FIN 918 - Textual Analysis in Finance


Spring 2015

The course will be held in block format from 05/18/2015 to 05/20/2015:

Monday, May 18 from 10 a.m. to 12 p.m. (noon) and from 2 p. m. to 4 p.m. in L9, 1-2, room 210
Tuesday, May 19 from 10 a.m. to 12 p.m. (noon) in L9, 1-2, room 001 and from 2 p. m. to 4 p.m. in L9, 1-2, room 409
Wednesday, May 20 from 9 a.m. to 12 p.m. (noon) in L9, 1-2, room 210

ECTS Points: 4 (see the section "Participation, Credits and Grading" for Details)

 


For updates, please check http://intfin.bwl.uni-mannheim.de

Instructor: Alexander Hillert
Room: 504
Tel. 181-1642
hillert(at)bwl.uni-mannheim.de



Motivation and Course Description:
Starting with Antweiler and Frank (2004) and Tetlock (2007) textual analysis has become a more and more frequently used method in financial research. In this course, students will learn how textual analysis works and how to implement it. This course consists of four parts.
The first part will give an introduction to the major papers on textual analysis. The lecturer will discuss the most commonly used methods for textual analysis, e.g. simple word count and naïve Bayes. Furthermore, the most common types of documents that have been analyzed in the literature so far will be presented. The students will also learn which variables (e.g., market returns, market volatility, firm-level accounting data, etc.) have been shown to be predictable by quantifying textual information.
In the second part, the most commonly used databases for textual analysis will be presented. This will include the standard databases for newspapers and newswires (Factiva and Nexis), the EDGAR (Electronic Data Gathering, Analysis, and Retrieval System) of the Security and Exchange Commission, and other databases.
The third part deals with the implementation of textual analysis and will introduce the necessary commands of the programming language Python. The students will learn how to find specific files in the EDGAR system and how to download them. Next, they will learn how to modify files and how to prepare the documents for the textual analysis, e.g. how to delete html code in the files. Last, the software package LIWC will be introduced and students will get to know how they can run a simple word count based textual analysis with this software.
In the fourth part of the course students will learn how to use the AutoIt scripting language to obtain “non-ready-to-download” data. AutoIt allows to imitate human web browsing. This feature can be very useful when one needs to obtain data from sources that do not have a clear file and folder structure. For example, the students will learn the AutoIt commands for mouse movements and clicks, for window handling, for typing text, etc.

Prerequisites:
It is not required to have any knowledge in Python, AutoIt, or any other programming language. All necessary commands will be learnt during the lectures and the exercise sessions. Nevertheless, having some previous programming experience will be helpful. Students should have some basic knowledge in accounting, economics, or finance.

Course Materials:
The lecturer will use presentation slides, which will be sent to the participants by e-mail.
The course is mainly based on papers using textual analysis published in the top finance journals and also on recent working papers. Students will receive the core literature of the course in the first lecture as pdf files.
In the third and fourth part of the course students will work with the programming languages Python and AutoIt. Both are freely available for download at https://www.python.org/downloads/ and at https://www.autoitscript.com/site/autoit/downloads/.
Students will need a computer or notebook for the exercises and for the final assignment.

Competences Acquired:
During this course students will get an overview of the literature on textual analysis in finance which will allow them to identify potential new research questions in this field more easily. Furthermore, students will learn to program a word count based textual analysis. The program skills learnt in the course include the entire process from data gathering to tone measurement. Last, students will learn how they can automate the data collection of “non-ready-to-download” data, e.g. Google search volume, by scripting.

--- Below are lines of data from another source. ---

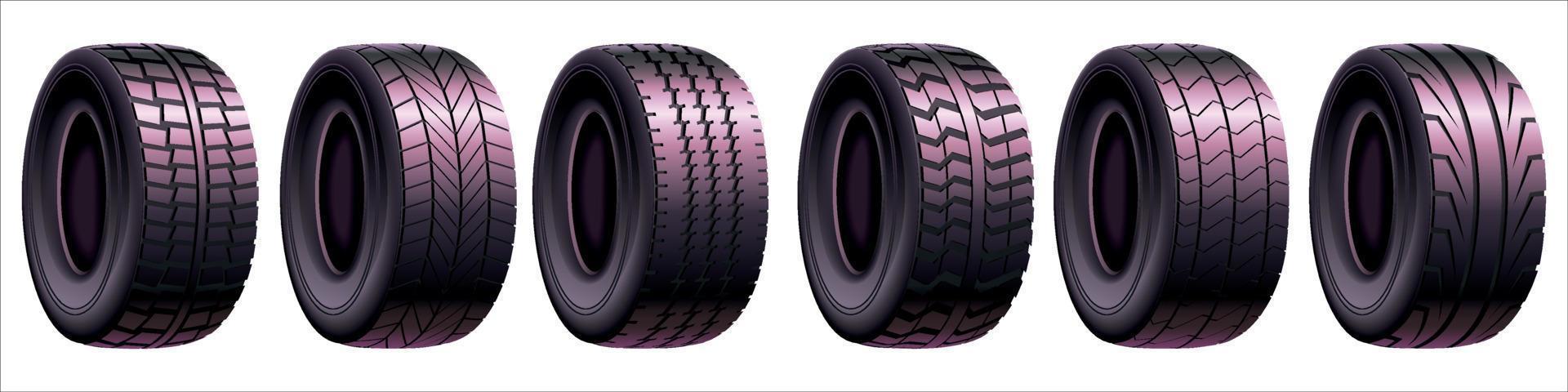 car wheels set vector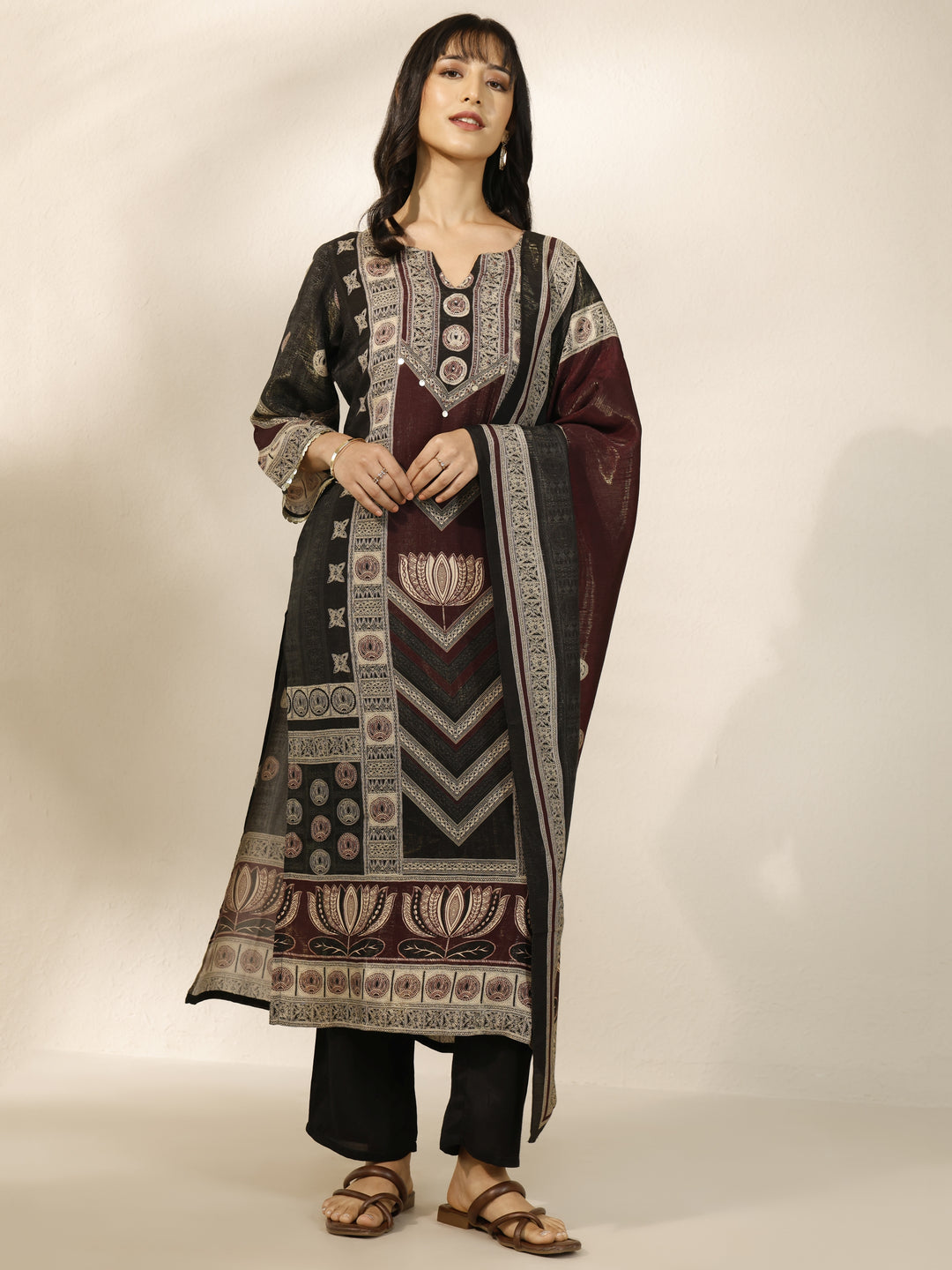 Black Printed Silk Blend Straight Suit Set With Dupatta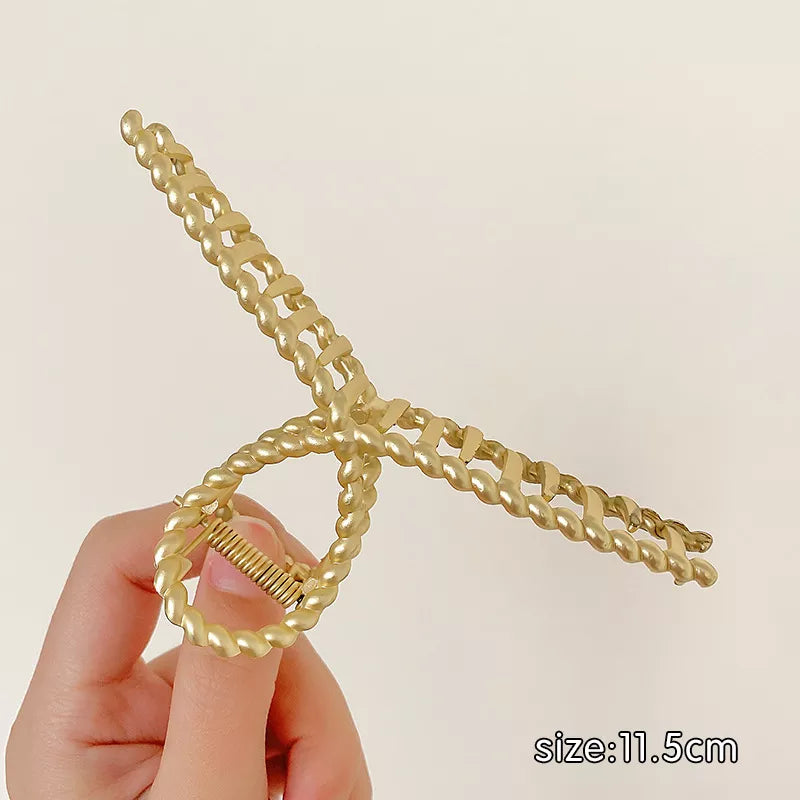 Geometric Hair Clips: Gold Metal Hair Accessories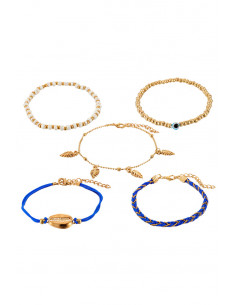 Set 5 bratari elegante pentru glezna, scoica, Nazar, margelute si frunzulite 2
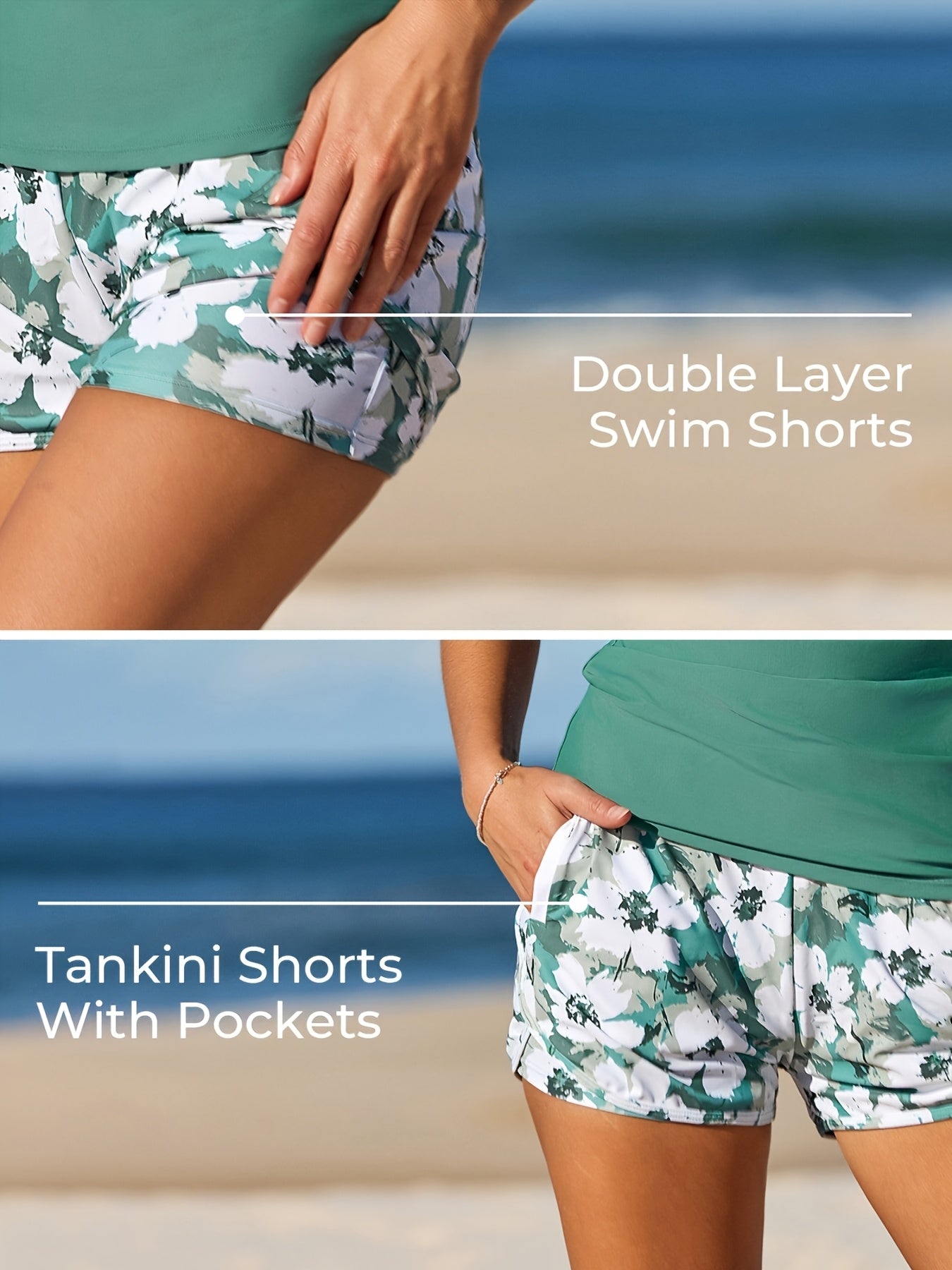 Tankini Swimsuits for Women 2025 Two-Piece Bathing Suits with Pockets And Shorts for Tummy Control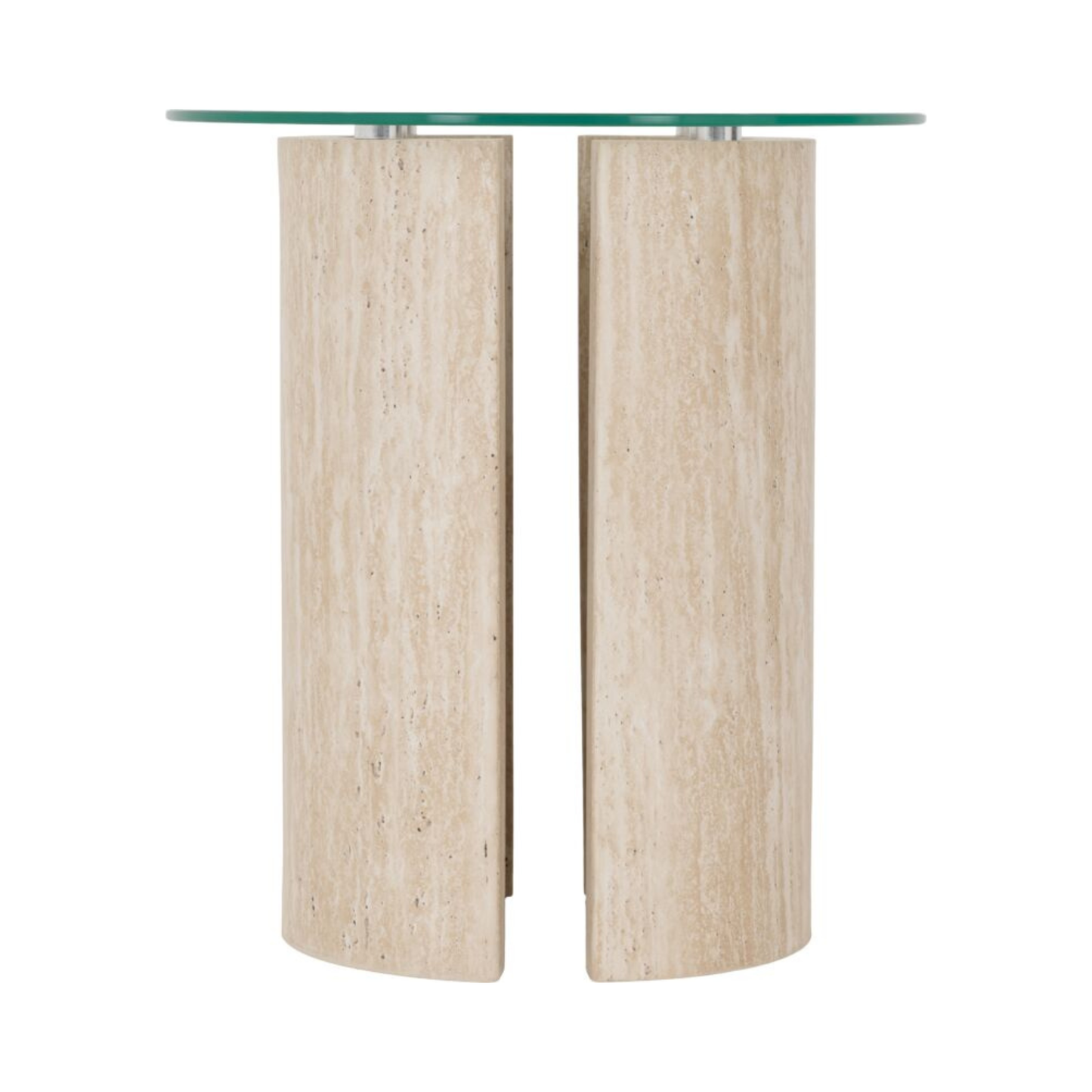 Modena Side Table – Glass & Cream Marble Effect Modern Table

Participation, Credits and Grading:
Students can choose between two options of participation. In the elective course option, students have to complete a 48 hour take home exam and they will receive 4 ECTS if they pass the exam. In the workshop option, students do not have to take the final exam but they will not get any ECTS. In both cases, course attendance is mandatory. It is not allowed to participate only in some parts of the course.

 

NOTE
The lecturer reserves the right to make modification to this syllabus. The modifications (if any) will be announced in class. Students are responsible for all announcements made in class.